A lucky few get through childhood and adolescence without dealing, at some point, with bullying. The National Education Association estimates that every day, 60,000 children miss school due to fear of an attack or intimidation. The problem is age-old, but more pervasive than ever with the rise of new technology. Whether children are the bully or the bullied, the repercussions can be great. Sally Kuykendall, Ph.D., associate professor and chair of health services, has culminated a decade of research on the topic in a book aimed at exposing the causes and implications of bullying, as well as identifying novel strategies to combat this behavior.

Appropriately titled Bullying (ABC-CLIO), the book offers a unique perspective by presenting the topic as a medical issue, and examining different dimensions of physical, emotional, intellectual, social and spiritual health.

“Our society tends to focus on physical health,” says Kuykendall. “But all the dimensions of health are interrelated. Spiritual health, for instance, refers to our ability to connect with the nonmaterial world around us. When a victim of bullying is so focused on the attacks that he or she can no longer appreciate nature, art, music, and connections with a higher being, emotional health deteriorates.”

The book advocates for greater responsibility on the part of schools and communities to foster children’s emotional well-being. It encourages finding health-enhancing activities for victims that can counterbalance the social and emotional damage caused by bullying.

“There are many things kids can do to protect against bullying,” Kuykendall says. “Joining youth clubs is a good way to learn appropriate social behavior and release frustrations. Developing a skill or talent helps kids to feel valued by society.”

Kuykendall’s nursing background and prior research experience made her an ideal candidate to serve as the program evaluator of a Philadelphia Physicians for Social Responsibility (PSR) study on the Olweus Bullying Prevention Program and its implementation in area schools. The Olweus Program began in Norway in the early 70s after several very young children, victims of bullying, committed suicide. The program is a multilevel, multicomponent school-based initative. The experience took Kuykendall into school lunches and recesses where for more than nine years, she observed different behaviors.

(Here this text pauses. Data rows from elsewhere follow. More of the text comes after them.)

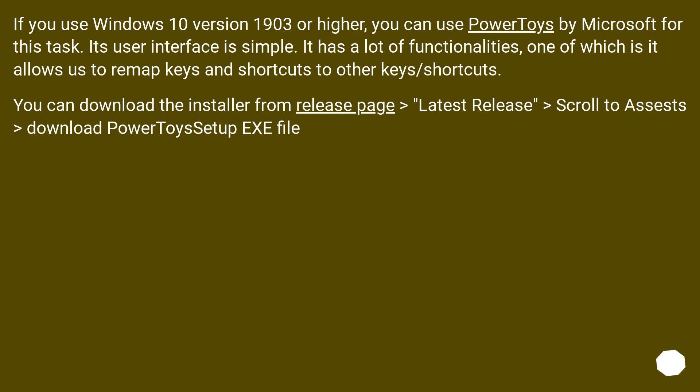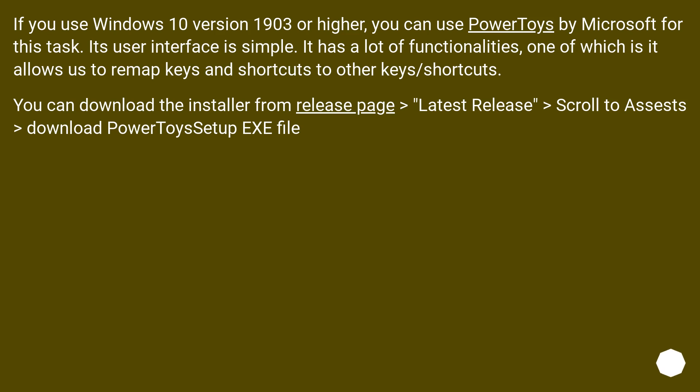If you use Windows 10 version 1903 or higher, you can use PowerToys by Microsoft for this task. Its user interface is simple. It has a lot of functionalities, one of which allows us to remap keys and shortcuts to other keys/shortcuts. You can download the installer from the release page on GitHub. Go to Latest Release, scroll to Assets, and download PowerToysSetup.exe file.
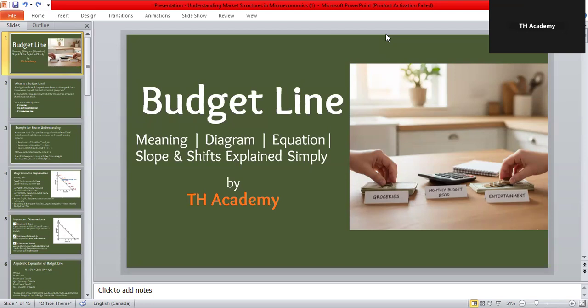Welcome to TF Academy. In today's video we are going to start a new topic in macroeconomics — the budget line. In this lesson we will understand step by step what a budget line is, how we can show it on a graph, how to write its equation, how to find its slope, and what happens when income or prices change.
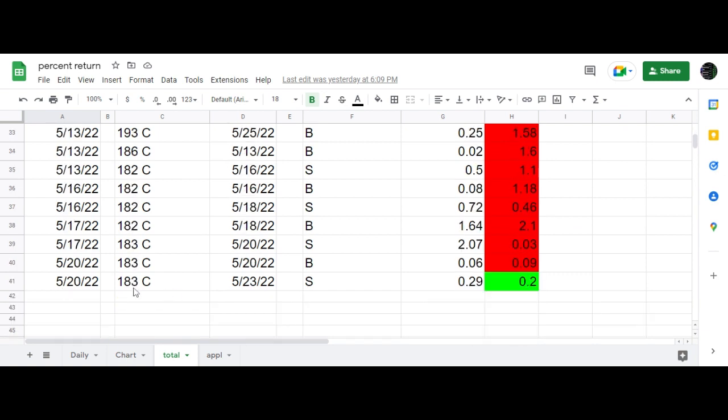finally yesterday, I was short the 183 calls. IWM closed below 183, so it wound up being a 20 cent or $20 per contract win. And I'm glad this thing is over,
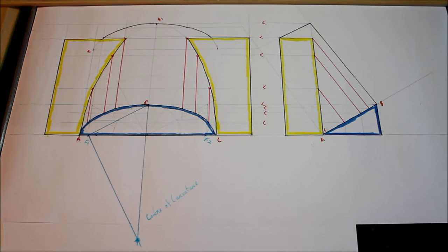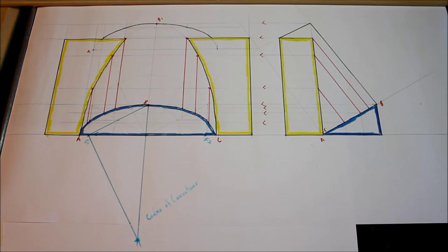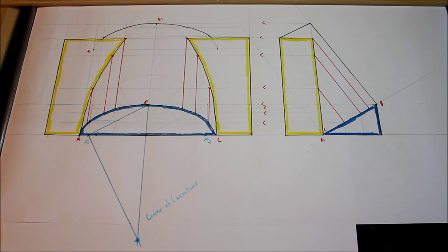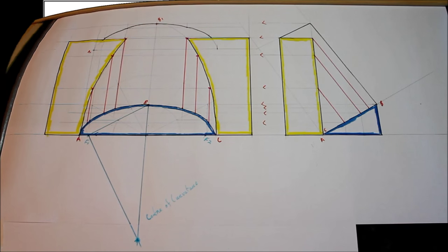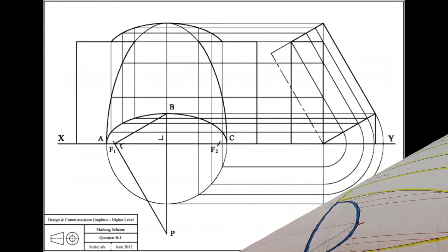So that's the question done. We had our end view, our elevation, our ellipses, and then the centre of curvature. As always, hope that helped, and if there are any requests or questions you want to see done, just leave a comment on the videos and we'll see you in the next one.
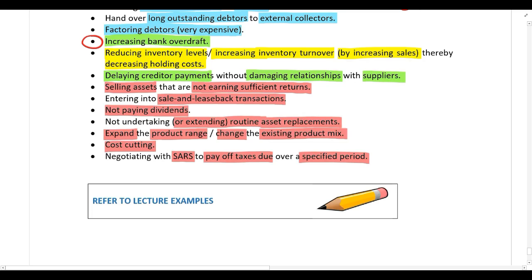Please also look at the other lecture examples on cash management. That brings us to the end of this lecture — if there's anything you're struggling with, please let me know.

Kuykendall stresses the role that adults play in addressing bully behaviors. “Adults must recognize that children are still learning social skills,” she says. “We do not punish children for spelling errors or math mistakes, so why do we punish them for social mistakes? Most bullies are just trying to figure out what they can get away with. When adults set respectful limits, they teach social skills to the bully and the bystanders.”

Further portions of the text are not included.